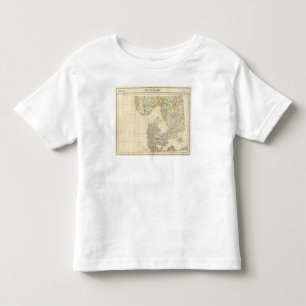 Denmark, Europe 8 Toddler T-shirt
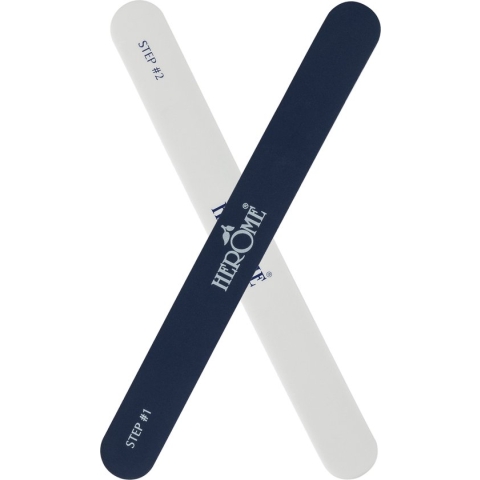 Herome Super Shine - Nagelvijl Buffer- Polijstvijl - Afwasbaar - glanzende nagels zonder nagellak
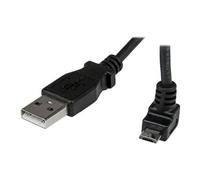 StarTech.com Câble Micro USB 1 m - A vers Micro B coudé 90° vers le haut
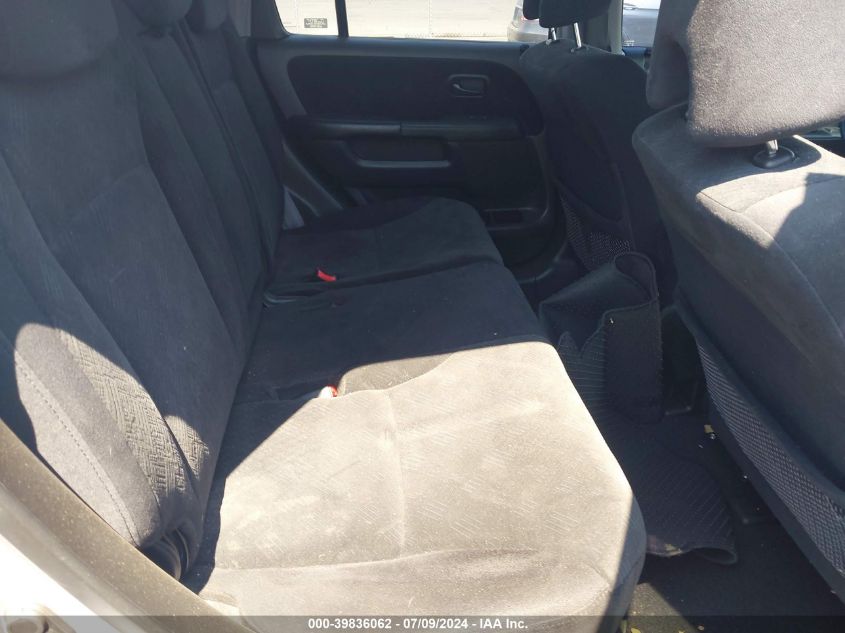 2005 Honda Cr-V Ex VIN: JHLRD78845C018007 Lot: 39836062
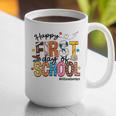 Happy First Day Of School PE Teacher Life Back To School Graphic Print Coffee Mug, Pe Teacher Mugs, funny gift Happy First Day Of School PE Teacher Life Back To School Graphic Print Coffee Mug, Pe Teacher Mugs, funny gift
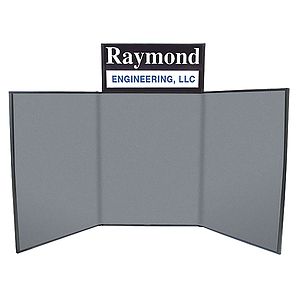 4' Fast Trak Display Kit (Header Graphic Panel)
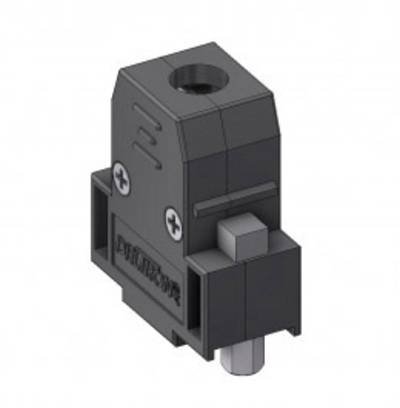 Deltron Connectors CTL09RUN4 D-SUB Gehäuse Polzahl: 9 Plastik 180 ° Schwarz 1 St.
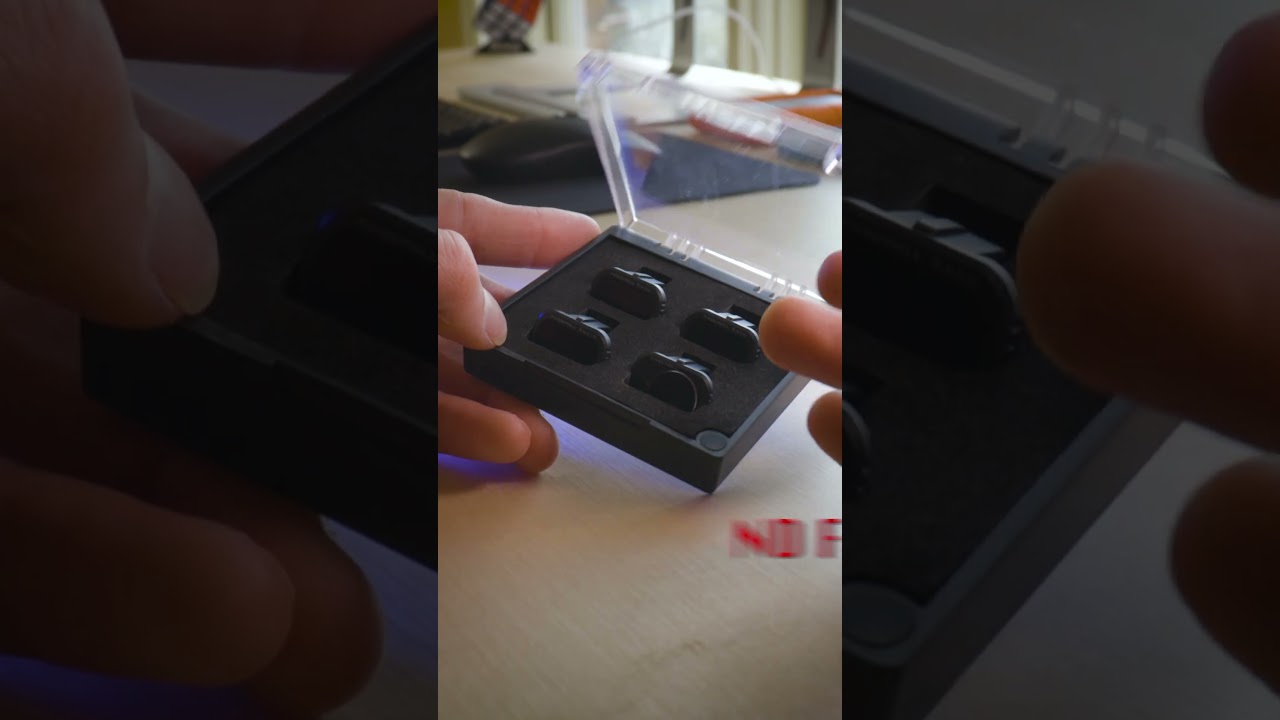 Why these filters are ESSENTIAL for cinematic videos! #shorts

# Assignment
Give the data again exactly. Keep the images out.

# Solution
 Denmark, Europe 8 Toddler T-shirt
 Herome Super Shine - Nagelvijl Buffer- Polijstvijl - Afwasbaar - glanzende nagels zonder nagellak
 StarTech.com Câble Micro USB 1 m - A vers Micro B coudé 90° vers le haut
 2005 Honda Cr-V Ex VIN: JHLRD78845C018007 Lot: 39836062
 Happy First Day Of School PE Teacher Life Back To School Graphic Print Coffee Mug, Pe Teacher Mugs, funny gift Happy First Day Of School PE Teacher Life Back To School Graphic Print Coffee Mug, Pe Teacher Mugs, funny gift
 4' Fast Trak Display Kit (Header Graphic Panel)
 Deltron Connectors CTL09RUN4 D-SUB Gehäuse Polzahl: 9 Plastik 180 ° Schwarz 1 St.
 Why these filters are ESSENTIAL for cinematic videos! #shorts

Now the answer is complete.